**Not yet declared
1. Cleveland Browns (1-15) — Myles Garrett, DE, Texas A&M
The cold, hard truth is that the Browns still don’t have a quarterback. Unfortunately, there is no Andrew Luck or Jameis Winston in this draft, so the Browns should select the draft’s most transcendent talent.
Garrett is an immediate game-changer for a defense that’s 31st in the league in scoring allowed and total defense. The quarterback question can’t be avoided but, again, there’s no slam dunk answer to the problem at No. 1. Pick No. 12? Perhaps. They could even look at the top of the second round (potentially Patrick Mahomes from Texas Tech?), where the Raiders (Derek Carr) and Bengals (Andy Dalton) found their quarterbacks in recent years.

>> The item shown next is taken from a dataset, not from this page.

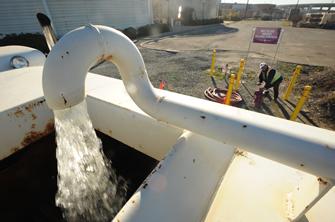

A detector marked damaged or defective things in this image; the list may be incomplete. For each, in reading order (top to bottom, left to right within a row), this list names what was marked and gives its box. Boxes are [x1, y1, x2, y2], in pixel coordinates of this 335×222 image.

rust spot [20, 121, 54, 147]
rusty pipe section [42, 25, 335, 180]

2. San Francisco 49ers (2-14) — Mitch Trubisky, QB, North Carolina**
The York family housecleaning cost general manager Trent Baalke and head coach Chip Kelly their jobs. As such, there’s no telling what the 49ers will do in the draft, much less what they’ll find at GM and head coach. Regardless, there is no future at quarterback with either Colin Kaepernick or Blaine Gabbert, so the 49ers have to find “The Future” at the position at some point. Trubisky might be a safer overall pick than DeShone Kizer (Notre Dame) and Deshaun Watson (Clemson) so he makes more sense than either one at this point.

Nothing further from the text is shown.